Entre esses avanços podemos citar: a sua abrangência, com foco maior na agricultura; a consolidação de definições previstas em legislações esparsas; a criação de sistemas eletrônicos unificados de informação, petição e avaliação (SISPA) e, também, de cadastro de utilização; a coordenação do processo de registro pelo órgão registrante; a avaliação dos produtos com base na avaliação de risco; o estabelecimento de prazos mais razoáveis de avaliação e reanálise; o aumento da responsabilidade de todos agentes envolvidos na atividade; e uma punição mais severa para os crimes de contrabando.
Contudo, em que pese esses avanços significativos, os vetos apresentados acabaram por manter alguns dos entraves já existentes (e que se esperava superar com a publicação de um novo marco regulatório), no que se refere à reavaliação (reanálise) das moléculas e nas alterações das formulações já registradas.
De uma forma resumida, os vetos afastaram as propostas de coordenação dos procedimentos de reanálise e de alterações pós-registro pelos órgãos registrantes, bem como a obtenção de recursos financeiros, por meio da cobrança de taxas, para o exercício dessas atividades.
a) DA COMPETÊNCIA DOS ÓRGÃOS REGISTRANTES NO PROCEDIMENTO DE REANÁLISE
Como o próprio nome indica, (re)analisar os riscos significa avaliar novamente uma molécula que já teve o seu registro concedido, a fim de entender se houve alguma alteração do risco, ou seja, da probabilidade de ocorrer um efeito nocivo à saúde ou ao meio ambiente.

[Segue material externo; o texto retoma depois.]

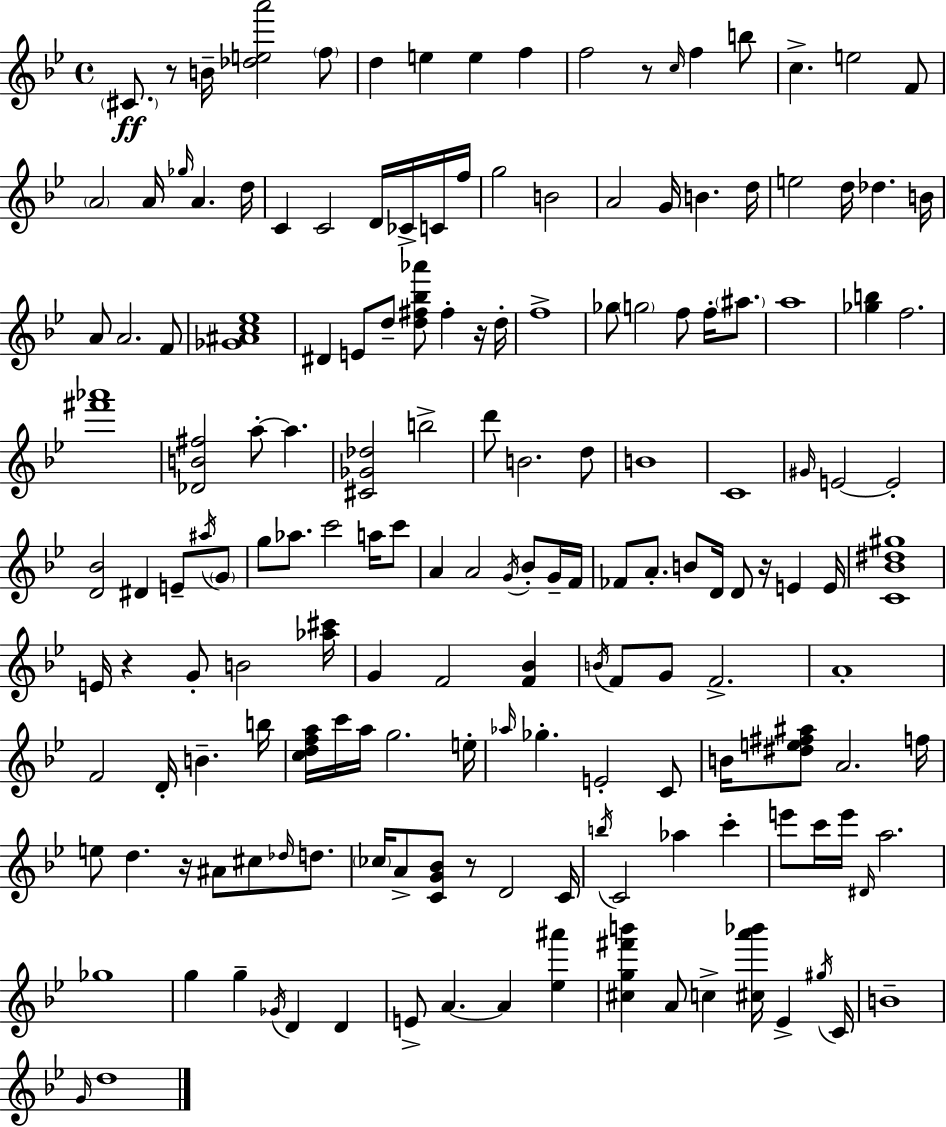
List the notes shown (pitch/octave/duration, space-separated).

C#4/e. R/e B4/s [Db5,E5,A6]/h F5/e D5/q E5/q E5/q F5/q F5/h R/e C5/s F5/q B5/e C5/q. E5/h F4/e A4/h A4/s Gb5/s A4/q. D5/s C4/q C4/h D4/s CES4/s C4/s F5/s G5/h B4/h A4/h G4/s B4/q. D5/s E5/h D5/s Db5/q. B4/s A4/e A4/h. F4/e [Gb4,A#4,C5,Eb5]/w D#4/q E4/e D5/e [D5,F#5,Bb5,Ab6]/e F#5/q R/s D5/s F5/w Gb5/e G5/h F5/e F5/s A#5/e. A5/w [Gb5,B5]/q F5/h. [F#6,Ab6]/w [Db4,B4,F#5]/h A5/e A5/q. [C#4,Gb4,Db5]/h B5/h D6/e B4/h. D5/e B4/w C4/w G#4/s E4/h E4/h [D4,Bb4]/h D#4/q E4/e A#5/s G4/e G5/e Ab5/e. C6/h A5/s C6/e A4/q A4/h G4/s Bb4/e G4/s F4/s FES4/e A4/e. B4/e D4/s D4/e R/s E4/q E4/s [C4,Bb4,D#5,G#5]/w E4/s R/q G4/e B4/h [Ab5,C#6]/s G4/q F4/h [F4,Bb4]/q B4/s F4/e G4/e F4/h. A4/w F4/h D4/s B4/q. B5/s [C5,D5,F5,A5]/s C6/s A5/s G5/h. E5/s Ab5/s Gb5/q. E4/h C4/e B4/s [D#5,E5,F#5,A#5]/e A4/h. F5/s E5/e D5/q. R/s A#4/e C#5/e Db5/s D5/e. CES5/s A4/e [C4,G4,Bb4]/e R/e D4/h C4/s B5/s C4/h Ab5/q C6/q E6/e C6/s E6/s D#4/s A5/h. Gb5/w G5/q G5/q Gb4/s D4/q D4/q E4/e A4/q. A4/q [Eb5,A#6]/q [C#5,G5,F#6,B6]/q A4/e C5/q [C#5,A6,Bb6]/s Eb4/q G#5/s C4/s B4/w G4/s D5/w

A Presidência da República vetou a competência que havia sido atribuída aos órgãos registrantes para coordenar esse procedimento. A justificativa apresentada foi no sentido de que o dispositivo era inconstitucional por não observar os princípios da precaução e da vedação ao retrocesso socioambiental, já que o dispositivo atribuiria “exclusivamente” ao Ministério da Agricultura e Pecuária a função de coordenar as reanálises, ainda que essas fossem motivadas por riscos toxicológicos e ecotoxicológicos. Argumentou-se que o veto “visa impedir que a ANVISA e o IBAMA percam o protagonismo técnico desse tipo de reanálise quando estiverem sendo avaliados os riscos à saúde e ao meio ambiente”.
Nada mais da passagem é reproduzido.